Wetenschap
Krediet:ESO
Kleurrijk en piekerig, deze intrigerende verzameling objecten staat bekend als de Zeemeeuwnevel, genoemd naar zijn gelijkenis met een meeuw tijdens de vlucht. Gemaakt van stof, waterstof, helium en sporen van zwaardere elementen, deze regio is de hete en energieke geboorteplaats van nieuwe sterren. Het opmerkelijke detail dat hier is vastgelegd door ESO's VLT Survey Telescope (VST) onthult de afzonderlijke astronomische objecten waaruit de hemelvogel bestaat, evenals de fijnere functies erin. De VST is een van de grootste surveytelescopen ter wereld die de lucht in zichtbaar licht observeert.
De belangrijkste componenten van de Seagull zijn drie grote gaswolken, de meest onderscheidende zijn Sharpless 2-296, die de "vleugels" vormt. Met een lengte van ongeveer 100 lichtjaar van de ene vleugeltip naar de andere, Sh2-296 toont gloeiend materiaal en donkere stofbanen die weven tussen heldere sterren. Het is een prachtig voorbeeld van een emissienevel, in dit geval een HII-regio, wijst op actieve vorming van nieuwe sterren, die te zien is op deze afbeelding.

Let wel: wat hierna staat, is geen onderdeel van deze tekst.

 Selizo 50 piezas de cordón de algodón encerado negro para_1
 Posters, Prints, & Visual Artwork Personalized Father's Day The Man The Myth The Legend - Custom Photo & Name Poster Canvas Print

Het is de straling van deze jonge sterren die de wolken hun fantastische kleuren geeft en ze zo opvallend maakt, door het omringende gas te ioniseren en te laten gloeien. Deze straling is ook de belangrijkste factor die de vormen van de wolken bepaalt, door druk uit te oefenen op het omringende materiaal en het vorm te geven tot de grillige morfologieën die we zien. Aangezien elke nevel een unieke verdeling van sterren en mei heeft, zoals deze, een samenstelling zijn van meerdere wolken, ze zijn er in verschillende vormen, wekt de verbeelding van astronomen op en roept vergelijkingen op met dieren of bekende objecten.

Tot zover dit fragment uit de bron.